# EXERCISE DETAILS:
Below this line is a set of entries; quote exactly the lines from the line that contains "FHC Preston Beveled" to the line that contains "Bitcoin Baby T-Shirt", both lines included.

# DATASET RECORDS:

● ● ● ● ●

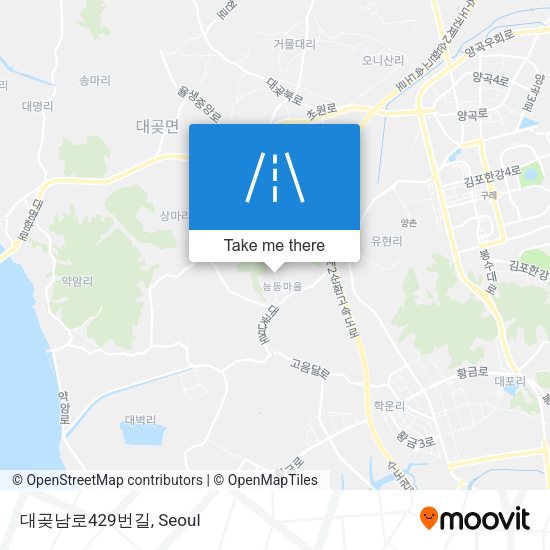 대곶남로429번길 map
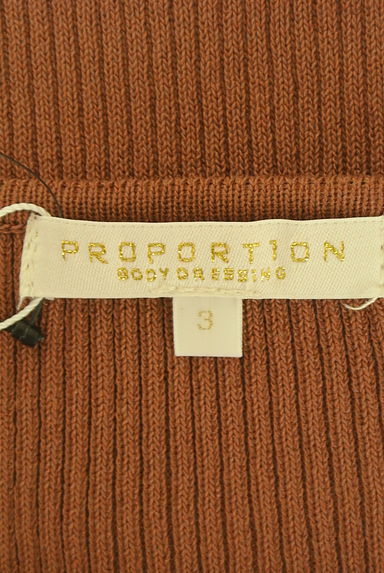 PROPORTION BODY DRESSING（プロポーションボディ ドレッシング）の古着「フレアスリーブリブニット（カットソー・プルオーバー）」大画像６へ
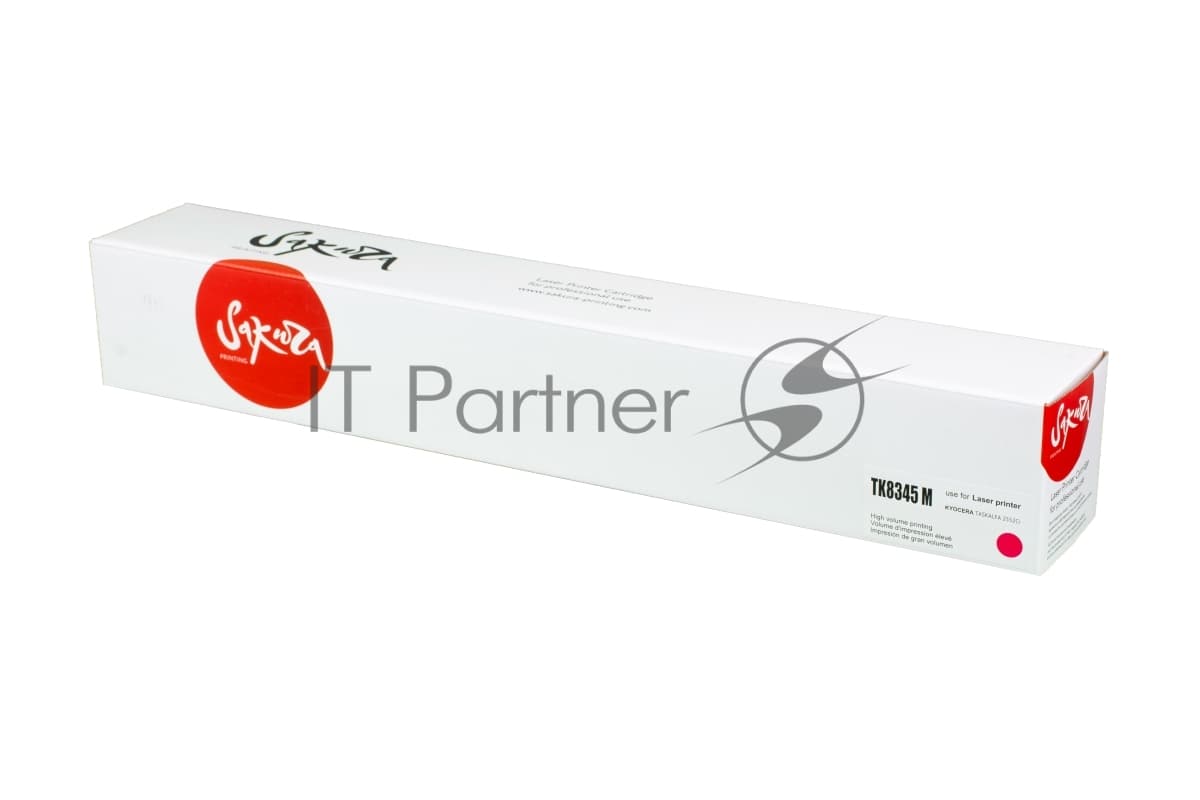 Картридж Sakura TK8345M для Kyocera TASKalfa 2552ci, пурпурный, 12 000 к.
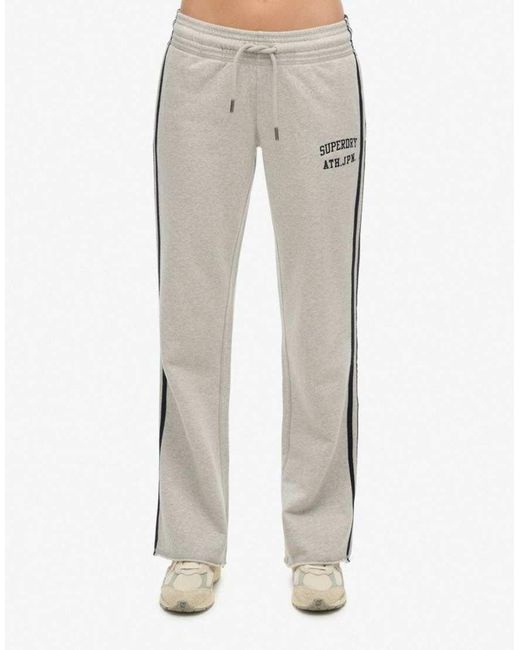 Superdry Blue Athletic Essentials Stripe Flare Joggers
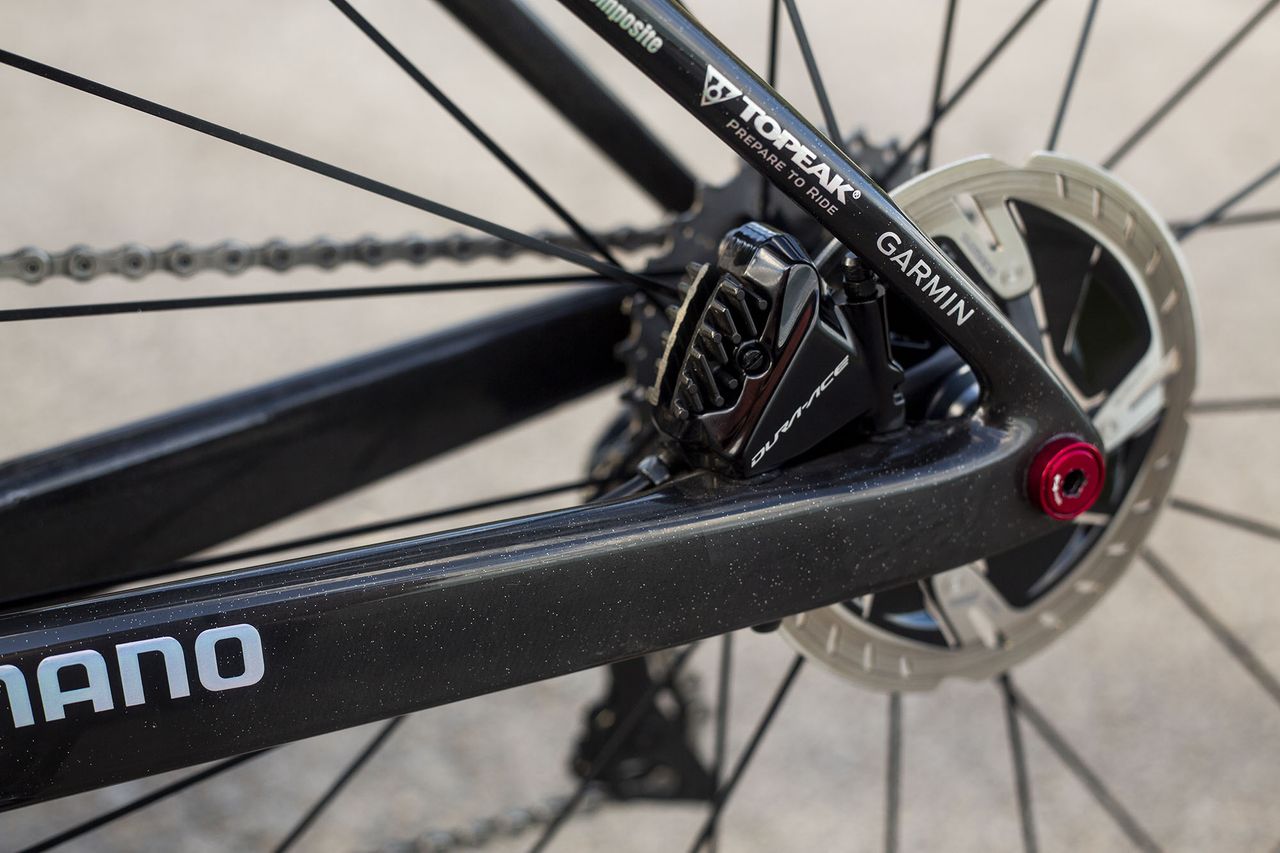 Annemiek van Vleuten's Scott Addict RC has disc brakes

● ● ● ● ●

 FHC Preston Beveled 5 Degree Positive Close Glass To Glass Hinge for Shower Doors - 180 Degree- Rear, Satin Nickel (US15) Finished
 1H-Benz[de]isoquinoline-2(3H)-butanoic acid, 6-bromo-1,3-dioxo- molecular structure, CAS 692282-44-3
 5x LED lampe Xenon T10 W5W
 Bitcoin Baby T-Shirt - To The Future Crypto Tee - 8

● ● ● ● ●

# SOLUTION FOR THIS PROBLEM:
 FHC Preston Beveled 5 Degree Positive Close Glass To Glass Hinge for Shower Doors - 180 Degree- Rear, Satin Nickel (US15) Finished
 1H-Benz[de]isoquinoline-2(3H)-butanoic acid, 6-bromo-1,3-dioxo- molecular structure, CAS 692282-44-3
 5x LED lampe Xenon T10 W5W
 Bitcoin Baby T-Shirt - To The Future Crypto Tee - 8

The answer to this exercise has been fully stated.